Now, of course, opportunist politicians and judges can step in and redefine marriage to mean something other than it’s meant by all cultures for all time.  They can negate the centrality of bodily complementarity, procreation and natural family, and redefine marriage as any stable erotic relationship between two consenting adults.  But if we concede this type of Orwellian power to change meaning, then the possibilities for future redefinition remain open-ended.  Under the chisel of public opinion, marriage can and will be extended—don’t you doubt it—beyond two persons, beyond adults, and beyond humans.  If we think otherwise, we’re na├»ve.

So the debate is not really about the meaning of marriage as it’s existed—for all must concede that in the judgment of the dead marriage is as I’ve described it—but about redefining marriage to mean something other than it’s meant.  We go from defining it as an institution of committed persons civilly privileged in virtue of its aptness for the generation of children to a union of adult persons civilly privileged in virtue merely of its erotic character.  The traditional definition was justified under law not on the basis of any kind of animus towards homosexual persons (whether or not animus may have existed in society), but because of the importance of children to the community and the benefit to children of stable unions.  The community extends financial and other benefits and immunities to traditional marriage, not because it judges the type of sex to be morally superior, but because of the salient fact that this type of sexual union, as grounded on bodily complementarity, is apt for the generation of children.  Children are vulnerable.  This vulnerability can be decreased if the stability of their parents’ unions is strengthened.  Legal marriage and the benefits it bestows facilitate stability.

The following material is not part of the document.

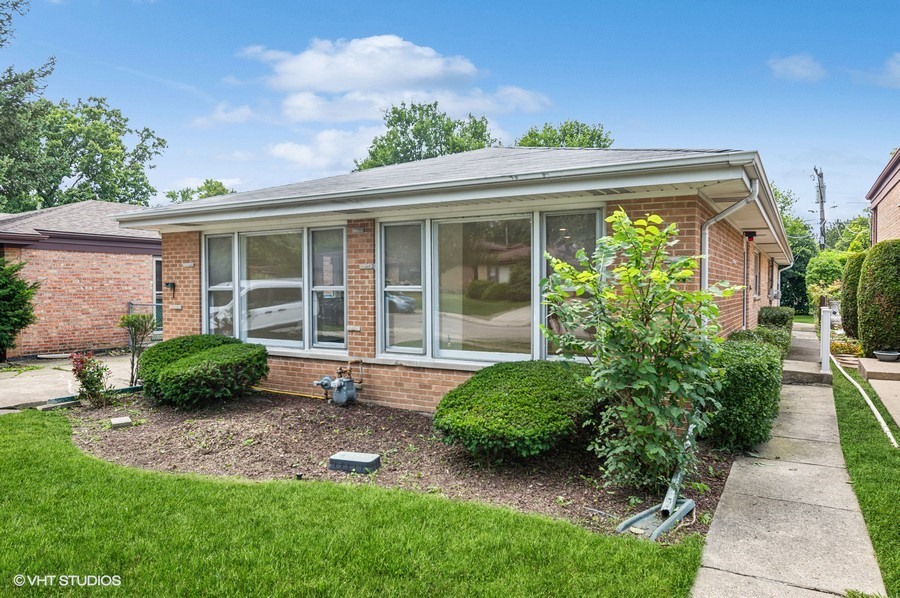 Photo 1 of 27 of 711 Lavergne Avenue house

There is no arbitrary discrimination in this.  And society certainly has the right to define the unions that it calls marriage in terms of their relevance for childbearing.  Other unions may cry foul, “we want the same benefits.”  But the cry cannot claim to be grounded on the requirements of distributive justice, that is, on a fair distribution of civil benefits and burdens in lieu of equivalent starting points.  The respective starting points of gay and traditional unions are not equivalent, at least not in terms of the central criterion used till now to designate unions as marriage and extend benefits, namely, the aptness of the unions for generating children.

Society may indeed sanction the redefinition of marriage to negate the relevance of bodily complementarity.  But upon what basis can one rationally argue that the redefinition is a human right, an obligation of justice, that if we don’t go there we (the community) ignore an ethical laceration in the body politic (as we do by ignoring the right-to-life of the unborn), that reason, decency and good will cry out for this redefinition?  At best we can call it a risky social experiment, at worst a betrayal of nature, tradition, reason and revelation.  But a right?
 In an ironic way, advocacy for man and woman marriage could be the next great civil rights movement.  It will involve the right of children not to be denied a mother and a father.  And the right people to live out the reality of marriage - a union of a man and a woman - in society free from its redefinition and free from harassment.